Is it the #005? I find that comb to be too big except with a full long coat. I use the #000 for faces, feet, butts, and coats less than 4 inches in length. The #005 is a dream for long coats. You know you need to move up from the #000 when it gets bogged down while combing through a thoroughly mat free coat.


----------



## Molly120213 (Jan 22, 2014)

Karen, I have the #000 buttercomb. I think it is the length of the comb that seems too big for Molly, as well as the length of the teeth. She is just so darn tiny that it is just too much comb for her, especially with her puppy cut. I do use it occasionally, but it is not my favorite grooming tool.


----------



## Karen Collins (Mar 21, 2013)

Molly120213 said:


> Karen, I have the #000 buttercomb. I think it is the length of the comb that seems too big for Molly, as well as the length of the teeth. She is just so darn tiny that it is just too much comb for her, especially with her puppy cut. I do use it occasionally, but it is not my favorite grooming tool.


All dogs are not the same....that's why there are so many options out there. Only you know what works best with your dog.:grin2:


----------



## MarinaGirl (Mar 25, 2012)

I use the Chris Christensen #012 and #014 combs the most, which are similar to the #005 Buttercomb but in 2 separate (shorter length) combs. Since Emmie's small, I prefer using these combs on her long coat instead of the #005 that I also own.


----------



## David1969 (Nov 12, 2015)

What is the difference between a slicker brush and a pin brush? Can I get away with just one of those (and if so, which one?)? I also plan to buy the CC buttercomb based on recommendations here!

THanks!


----------



## Karen Collins (Mar 21, 2013)

David1969 said:


> What is the difference between a slicker brush and a pin brush? Can I get away with just one of those (and if so, which one?)? I also plan to buy the CC buttercomb based on recommendations here!
> 
> THanks!


You don't really need a slicker with a puppy cut. Its for smoothing out a long clean brushed coat and for legs and feet. Also, the best butter comb for short hair is the #000. The #005 is for a longer, denser coat.


----------



## Jackie from Concrete WA (Mar 23, 2015)

Molly120213 said:


> Karen, I have the #000 buttercomb. I think it is the length of the comb that seems too big for Molly, as well as the length of the teeth. She is just so darn tiny that it is just too much comb for her, especially with her puppy cut. I do use it occasionally, but it is not my favorite grooming tool.

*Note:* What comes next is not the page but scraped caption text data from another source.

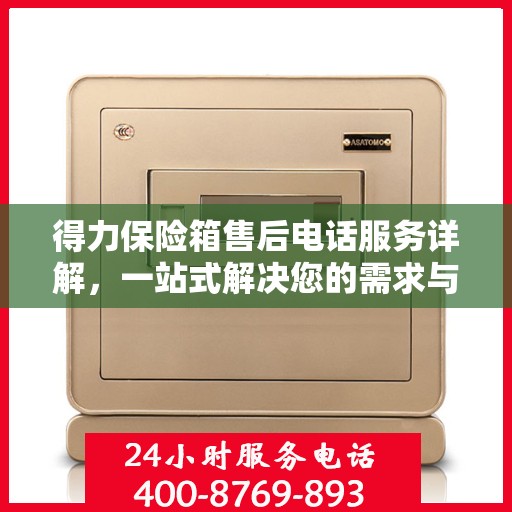 得力保险箱售后电话服务详解，一站式解决您的需求与问题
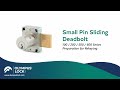 Video - Small Pin Sliding Deadbolt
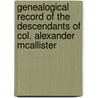 Genealogical Record Of The Descendants Of Col. Alexander Mcallister door David Smith McAllister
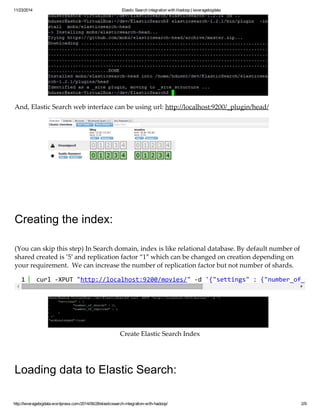 11/23/2014 Elastic Search integration with Hadoop | leveragebigdata 
And, Elastic Search web interface can be using url: http://localhost:9200/_plugin/head/ 
Creating the index: 
(You can skip this step) In Search domain, index is like relational database. By default number of 
shared created is ’5′ and replication factor “1″ which can be changed on creation depending on 
your requirement. We can increase the number of replication factor but not number of shards. 
1 curl -XPUT "http://localhost:9200/movies/" -d '{"settings" : {"number_of_shards" Create Elastic Search Index 
Loading data to Elastic Search: 
http://leveragebigdata.wordpress.com/2014/06/28/elasticsearch-integration-with-hadoop/ 2/9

I purchased the #005 buttercomb and I find it awkward and too big for Willow. Willow is small too - only 6.5 lbs. I find the teeth on the #005 are too long. I've been going back to my Safari comb, which is really the same length but the teeth are shorter. I guess I better check out some of the other sizes mentioned in this thread.


----------



## Molly120213 (Jan 22, 2014)

Jackie, my favorite comb right now is a stagger tooth comb with a handle I got at Petco. It is easy for me to use and does the job. I wish someone with a Buttercomb would have warned me about the size on a small Hav when I asked about it here two years ago!


----------



## Jackie from Concrete WA (Mar 23, 2015)

Molly120213 said:


> Jackie, my favorite comb right now is a stagger tooth comb with a handle I got at Petco. It is easy for me to use and does the job. I wish someone with a Buttercomb would have warned me about the size on a small Hav when I asked about it here two years ago!


Thank you, I'll look at the stagger tooth comb. I too wish I had realized that the #005 would be too big, They are rather expensive. Maybe I'll like it better if I ever let her coat get longer. I'm letting it grow some now but I don't know how long I'll let her get. Just depends on how well I can keep her groomed myself.


----------



## krandall (Jun 11, 2009)

Jackie from Concrete said:


> Thank you, I'll look at the stagger tooth comb. I too wish I had realized that the #005 would be too big, They are rather expensive. Maybe I'll like it better if I ever let her coat get longer. I'm letting it grow some now but I don't know how long I'll let her get. Just depends on how well I can keep her groomed myself.


Pixel is quite small too, (9 lbs) and I use the 005 Butter comb on her, except for her head and feet, where I use the CC Face and foot comb. OTOH, she is in a full coat, and at over 10 months now, it's pretty long, though not yet adult length.


----------



## Heather's (Jun 18, 2012)

The butter comb 005 is perfect for Scout and Truffles. Probably would be too large if the coat is not long. My favorite is the face and feet butter comb.


----------



## Jackie from Concrete WA (Mar 23, 2015)

Karen and Heather, I just looked at the face and feet buttercomb on Amazon. I probably should have purchased that one. It looks and sounds like it would be the correct size for Willow.


----------



## Heather's (Jun 18, 2012)

Truffles coat is very silky without a lot of undercoat. I just combed her back using the F&F comb. It separates the hair nicely. I guess it could be used on a short coat too.


----------



## Jackie from Concrete WA (Mar 23, 2015)

Heather Glen said:


> Truffles coat is very silky without a lot of undercoat.


Willow's coat is very fine and silky. Not really knowing what an undercoat would look like, I suspect she doesn't have one either. Her hair is not very thick. In fact when she is bathed I can see her skin through the hair. He hair is thickest right at the base of her tail. Then it's kind of thick along her rear flanks but it still is not what I would call a heavy coat. I can generally run a comb through all her hair without getting tangled until I reach to the base of her tail.


----------



## Heather's (Jun 18, 2012)

Scout is my fluffy boy. His coat is silky, but he has an undercoat which makes him look fluffy.  I do use the Oscar Frank slicker first to catch any mats because he has so much coat. Then I use the #005, face & feet comb and the CC wooden pin brush. Willow is probably like Truffles. The wooden pin brush is great for her.


----------